**** Task inputs ****

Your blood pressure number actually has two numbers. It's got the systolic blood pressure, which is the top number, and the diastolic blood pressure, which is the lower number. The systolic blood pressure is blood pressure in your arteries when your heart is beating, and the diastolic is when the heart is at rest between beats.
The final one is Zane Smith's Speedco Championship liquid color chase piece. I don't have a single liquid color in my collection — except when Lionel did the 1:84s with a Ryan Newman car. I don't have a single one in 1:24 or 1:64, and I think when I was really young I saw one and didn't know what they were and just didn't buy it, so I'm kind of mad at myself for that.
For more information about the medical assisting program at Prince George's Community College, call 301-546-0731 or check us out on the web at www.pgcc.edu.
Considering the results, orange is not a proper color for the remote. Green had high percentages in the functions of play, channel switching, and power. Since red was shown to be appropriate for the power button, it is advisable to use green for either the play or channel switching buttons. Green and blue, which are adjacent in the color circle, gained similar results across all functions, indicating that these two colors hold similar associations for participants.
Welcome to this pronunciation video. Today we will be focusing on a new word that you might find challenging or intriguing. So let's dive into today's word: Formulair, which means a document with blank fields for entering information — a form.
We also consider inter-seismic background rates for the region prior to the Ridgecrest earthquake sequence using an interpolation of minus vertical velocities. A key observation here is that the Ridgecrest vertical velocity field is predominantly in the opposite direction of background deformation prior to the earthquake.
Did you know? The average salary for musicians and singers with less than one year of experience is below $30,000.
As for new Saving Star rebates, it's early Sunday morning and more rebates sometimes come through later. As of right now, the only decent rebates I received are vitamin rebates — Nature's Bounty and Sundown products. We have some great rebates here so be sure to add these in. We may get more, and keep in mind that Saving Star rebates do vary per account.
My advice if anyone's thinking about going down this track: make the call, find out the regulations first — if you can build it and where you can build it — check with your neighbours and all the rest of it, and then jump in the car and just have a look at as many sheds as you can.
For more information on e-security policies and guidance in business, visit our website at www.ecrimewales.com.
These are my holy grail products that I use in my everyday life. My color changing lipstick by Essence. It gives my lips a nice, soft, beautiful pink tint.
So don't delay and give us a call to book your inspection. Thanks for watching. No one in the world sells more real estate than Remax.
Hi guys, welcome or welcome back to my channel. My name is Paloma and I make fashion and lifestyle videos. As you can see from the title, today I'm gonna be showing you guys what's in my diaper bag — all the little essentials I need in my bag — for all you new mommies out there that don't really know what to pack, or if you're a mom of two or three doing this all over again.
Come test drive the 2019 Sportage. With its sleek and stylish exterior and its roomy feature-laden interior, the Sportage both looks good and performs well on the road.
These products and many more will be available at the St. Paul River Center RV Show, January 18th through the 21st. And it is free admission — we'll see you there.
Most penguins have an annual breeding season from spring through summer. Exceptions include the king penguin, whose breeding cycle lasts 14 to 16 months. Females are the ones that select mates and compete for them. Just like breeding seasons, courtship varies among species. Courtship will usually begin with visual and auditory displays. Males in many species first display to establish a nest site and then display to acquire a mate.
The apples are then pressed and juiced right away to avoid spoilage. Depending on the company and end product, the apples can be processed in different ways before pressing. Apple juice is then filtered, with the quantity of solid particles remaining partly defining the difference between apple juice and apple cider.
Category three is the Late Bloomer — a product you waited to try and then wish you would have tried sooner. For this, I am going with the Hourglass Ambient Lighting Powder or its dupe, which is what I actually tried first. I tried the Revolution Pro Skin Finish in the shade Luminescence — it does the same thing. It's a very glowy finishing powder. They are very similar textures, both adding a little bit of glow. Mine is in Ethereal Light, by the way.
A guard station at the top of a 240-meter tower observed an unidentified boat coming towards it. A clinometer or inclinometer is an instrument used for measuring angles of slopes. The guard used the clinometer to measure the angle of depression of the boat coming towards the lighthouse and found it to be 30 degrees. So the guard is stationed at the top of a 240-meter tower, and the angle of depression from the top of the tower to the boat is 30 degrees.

****

◆ Prompt
Print exactly the lines above from the one with "We also consider" to the one with "Did you know?", including both.

◆ Exercise solution
We also consider inter-seismic background rates for the region prior to the Ridgecrest earthquake sequence using an interpolation of minus vertical velocities. A key observation here is that the Ridgecrest vertical velocity field is predominantly in the opposite direction of background deformation prior to the earthquake.
Did you know? The average salary for musicians and singers with less than one year of experience is below $30,000.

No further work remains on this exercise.